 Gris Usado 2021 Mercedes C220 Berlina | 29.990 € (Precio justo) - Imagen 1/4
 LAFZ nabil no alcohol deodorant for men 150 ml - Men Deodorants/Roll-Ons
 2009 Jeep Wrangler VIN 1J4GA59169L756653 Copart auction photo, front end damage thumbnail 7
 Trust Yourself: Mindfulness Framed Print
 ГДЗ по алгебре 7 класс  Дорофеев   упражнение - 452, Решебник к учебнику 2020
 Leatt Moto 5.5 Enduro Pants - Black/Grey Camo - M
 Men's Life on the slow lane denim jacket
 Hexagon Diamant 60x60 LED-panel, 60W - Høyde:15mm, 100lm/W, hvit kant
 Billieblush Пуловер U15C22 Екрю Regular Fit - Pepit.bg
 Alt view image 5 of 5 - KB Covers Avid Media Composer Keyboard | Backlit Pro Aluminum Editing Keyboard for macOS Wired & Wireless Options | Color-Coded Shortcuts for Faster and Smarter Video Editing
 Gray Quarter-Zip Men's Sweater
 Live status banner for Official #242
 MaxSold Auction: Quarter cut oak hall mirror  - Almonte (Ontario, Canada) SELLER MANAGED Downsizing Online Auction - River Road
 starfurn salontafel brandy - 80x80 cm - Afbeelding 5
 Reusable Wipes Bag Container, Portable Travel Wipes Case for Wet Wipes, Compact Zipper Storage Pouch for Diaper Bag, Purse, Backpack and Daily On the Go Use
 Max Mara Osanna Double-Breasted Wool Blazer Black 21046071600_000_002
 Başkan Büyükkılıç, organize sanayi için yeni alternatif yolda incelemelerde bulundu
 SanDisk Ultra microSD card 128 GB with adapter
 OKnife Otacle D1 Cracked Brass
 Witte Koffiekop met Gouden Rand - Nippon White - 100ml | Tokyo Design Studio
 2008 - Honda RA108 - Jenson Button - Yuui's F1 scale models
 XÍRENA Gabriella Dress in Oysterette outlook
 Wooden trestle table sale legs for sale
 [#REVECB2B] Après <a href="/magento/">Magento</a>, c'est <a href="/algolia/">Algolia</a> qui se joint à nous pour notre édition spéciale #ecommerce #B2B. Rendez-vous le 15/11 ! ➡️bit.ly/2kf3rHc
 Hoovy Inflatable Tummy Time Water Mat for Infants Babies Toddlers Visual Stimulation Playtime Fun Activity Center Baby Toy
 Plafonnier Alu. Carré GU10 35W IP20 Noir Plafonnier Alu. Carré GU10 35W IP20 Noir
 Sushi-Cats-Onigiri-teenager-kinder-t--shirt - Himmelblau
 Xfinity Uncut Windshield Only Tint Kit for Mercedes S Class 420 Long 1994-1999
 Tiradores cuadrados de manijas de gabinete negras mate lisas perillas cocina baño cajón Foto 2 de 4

=-=-=-=-=

Exercise goal |
Using only the data above, copy out the lines that include the word "Quarter".

Answer for the task |
 Gray Quarter-Zip Men's Sweater
 MaxSold Auction: Quarter cut oak hall mirror  - Almonte (Ontario, Canada) SELLER MANAGED Downsizing Online Auction - River Road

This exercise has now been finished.